There's no delay and no doubt. Once you accept (temporarily) the show's basic premise that Doctor Who is a benevolent immortal alien who periodically regenerates from one human form to another, not even being consistent in ethnicity or gender from one body to the next, you know instantly that it's the same Doctor in there despite appearances.
With the dear old Dalai Lama, it's different. Reincarnation still happens, but the souls of the dead migrate into the bodies of the newborn and retain no memory of their previous lives.
This becomes a problem when the soul of your religion's leader has to be tracked down in one of those thousands who were born around the same time the leader died.
That is exactly the problem facing the Gelug "Yellow Hat" tradition of Tibetan Buddhism, whose leader, the Dalai Lama, turned 90 on Sunday. He will therefore soon be leaving his current incarnation, and it will be the task of his closest associates to track down the young child in whom his soul has taken up residence — who will then become the next Dalai Lama.
Then the troubles really start, because Tibet has been officially part of the People's Republic of China since the Chinese invasion of 1950 and Beijing does not like religious leaders who are beyond its control.
In fact, it doesn't like religious leaders at all, especially if they also embody the national aspirations of a subject people — and least of all if they live abroad.
The Dalai Lama ticks every box.
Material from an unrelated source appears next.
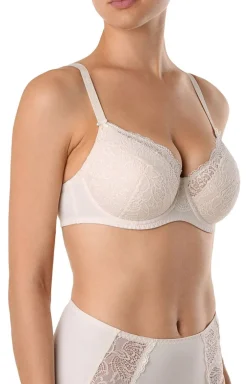 City Style RB5015 biustonosz usztywniany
He fled Tibet in the midst of a CIA-backed popular rebellion against foreign rule in 1959. He has lived in exile ever since in the northern Indian city of Dharamshala, surrounded by tens of thousands of other Tibetan exiles.
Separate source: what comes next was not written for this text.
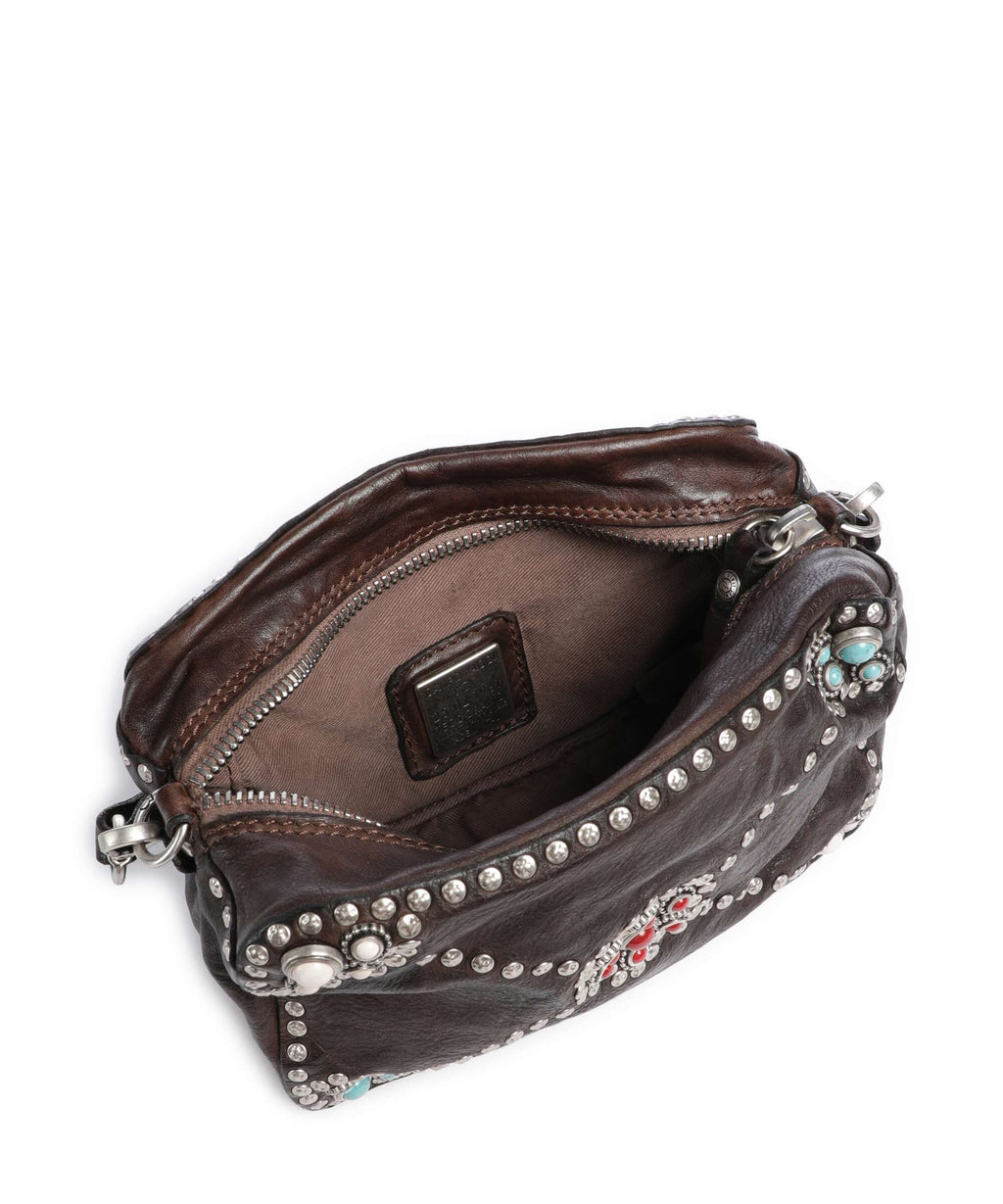 Campomaggi Shoulder bag brown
And he heads what is in practice a Tibetan government-in-exile, although no other country recognises it.
There is nevertheless a good deal of ambient sympathy for Tibet not only in Western countries but in countries of the global south that got their independence just as Tibet was losing its own. They never say anything about it out loud because China is far too big and rich to risk offending, but they do know a colonial relationship when they see one.
This makes the communist authorities in Beijing nervous even though there is no real challenge to Chinese control. They therefore see the Dalai Lama's death, whenever it happens, as a golden opportunity to "nationalise" Tibetan Buddhism by giving the state the power to choose his successor.
We already had a preview of this 35 years ago when the Panchen Lama, second only to the Dalai Lama, died. After a lengthy but low-profile search Tibetan monks found a 6-year-old boy called Gedhun Choekyi Nyima who matched the requirements, and the Dalai Lama (in exile) proclaimed him as the new Panchen Lama in 1995.
The little boy and his family were immediately arrested and "disappeared"; none of them has ever been seen again. The Dalai Lama will not make that mistake twice: he has already said that his next reincarnation will be found in "the free world", which presumably means outside China.
But the vast majority of Tibetans still live in Tibet, and it is already clear that they will get a different Dalai Lama, chosen for them by the communist regime. It could end up like the Great Western Schism of 1378-1417, with two and then three popes at the same time — and that situation could easily last as long, depending on what happens to China in the long run.
All of this is ultimately about the survival of a separate Tibetan identity, which is still theoretically possible. Beijing has not yet adopted the final solution it is applying to the Uyghur minority: only Chinese may be used in the schools in both regions, but the Tibetans are not yet being drowned with Han Chinese immigrants.
The Chinese communist regime is now a little bit older than the Soviet Union was when it collapsed, but the CCP is still going strong.
If it lasts another 50 years, Tibet's identity will certainly be eradicated, for there are more than 200 Chinese for every Tibetan.
But if it's gone in 20 years, Tibetan culture may well survive.
• Gwynne Dyer is an independent London journalist.